Tell me, please, how many lines in the records below include the word "from". Give no more than the number.

Scraped caption text data
* * * * * * *

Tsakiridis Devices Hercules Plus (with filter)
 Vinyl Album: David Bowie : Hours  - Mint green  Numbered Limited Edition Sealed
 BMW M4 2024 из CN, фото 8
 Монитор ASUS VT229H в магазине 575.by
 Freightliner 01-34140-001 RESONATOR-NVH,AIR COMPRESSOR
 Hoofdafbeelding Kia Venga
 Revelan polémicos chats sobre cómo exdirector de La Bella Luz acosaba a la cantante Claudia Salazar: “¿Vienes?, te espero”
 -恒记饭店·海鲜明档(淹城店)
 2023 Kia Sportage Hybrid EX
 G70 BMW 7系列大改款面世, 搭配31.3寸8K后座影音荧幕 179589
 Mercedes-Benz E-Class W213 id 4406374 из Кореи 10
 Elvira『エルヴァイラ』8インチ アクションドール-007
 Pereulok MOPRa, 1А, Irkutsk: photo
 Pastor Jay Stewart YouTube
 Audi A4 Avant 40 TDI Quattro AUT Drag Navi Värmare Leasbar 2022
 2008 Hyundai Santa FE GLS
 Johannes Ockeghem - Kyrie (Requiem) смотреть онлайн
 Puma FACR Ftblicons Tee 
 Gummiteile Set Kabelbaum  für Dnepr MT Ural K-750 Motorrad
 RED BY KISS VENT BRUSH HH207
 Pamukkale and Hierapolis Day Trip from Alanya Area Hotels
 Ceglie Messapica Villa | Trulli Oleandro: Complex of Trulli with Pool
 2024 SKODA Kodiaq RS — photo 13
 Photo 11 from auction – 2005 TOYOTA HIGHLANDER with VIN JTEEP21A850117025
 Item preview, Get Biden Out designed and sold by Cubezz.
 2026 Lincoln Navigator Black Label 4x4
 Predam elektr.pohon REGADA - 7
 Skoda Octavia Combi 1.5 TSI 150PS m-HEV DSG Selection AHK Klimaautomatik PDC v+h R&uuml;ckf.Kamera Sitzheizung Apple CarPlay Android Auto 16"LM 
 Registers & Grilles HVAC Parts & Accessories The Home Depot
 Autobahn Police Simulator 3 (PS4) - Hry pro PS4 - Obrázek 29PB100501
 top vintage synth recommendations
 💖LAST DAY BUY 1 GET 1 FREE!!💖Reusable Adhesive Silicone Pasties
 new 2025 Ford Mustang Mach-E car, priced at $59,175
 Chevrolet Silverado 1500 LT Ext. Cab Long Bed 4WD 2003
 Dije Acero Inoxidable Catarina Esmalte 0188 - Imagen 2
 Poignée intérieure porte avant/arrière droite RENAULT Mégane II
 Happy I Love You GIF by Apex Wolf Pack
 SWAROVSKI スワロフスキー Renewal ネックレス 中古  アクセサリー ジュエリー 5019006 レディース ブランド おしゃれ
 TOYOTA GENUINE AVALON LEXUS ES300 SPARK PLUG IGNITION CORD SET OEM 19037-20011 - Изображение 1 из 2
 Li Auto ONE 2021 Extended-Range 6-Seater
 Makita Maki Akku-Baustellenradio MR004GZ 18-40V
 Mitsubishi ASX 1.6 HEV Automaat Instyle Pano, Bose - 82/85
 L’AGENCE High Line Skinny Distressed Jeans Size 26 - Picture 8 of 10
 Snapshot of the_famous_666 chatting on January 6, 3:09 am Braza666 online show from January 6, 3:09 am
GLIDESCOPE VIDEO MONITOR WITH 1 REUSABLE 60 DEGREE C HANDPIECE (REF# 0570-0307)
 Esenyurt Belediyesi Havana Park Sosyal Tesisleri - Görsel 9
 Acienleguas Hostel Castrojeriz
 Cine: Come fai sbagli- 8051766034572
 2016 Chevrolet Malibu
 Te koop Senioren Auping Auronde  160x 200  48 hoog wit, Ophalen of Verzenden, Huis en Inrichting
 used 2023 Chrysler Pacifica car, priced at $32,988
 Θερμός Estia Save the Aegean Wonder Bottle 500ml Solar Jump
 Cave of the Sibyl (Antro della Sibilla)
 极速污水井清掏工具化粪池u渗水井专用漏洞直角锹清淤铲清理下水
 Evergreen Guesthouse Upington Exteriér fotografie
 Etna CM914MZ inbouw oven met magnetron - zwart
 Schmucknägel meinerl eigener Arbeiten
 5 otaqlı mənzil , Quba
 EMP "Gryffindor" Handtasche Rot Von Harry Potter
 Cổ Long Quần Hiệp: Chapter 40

* * * * * * *

* Expected answer
3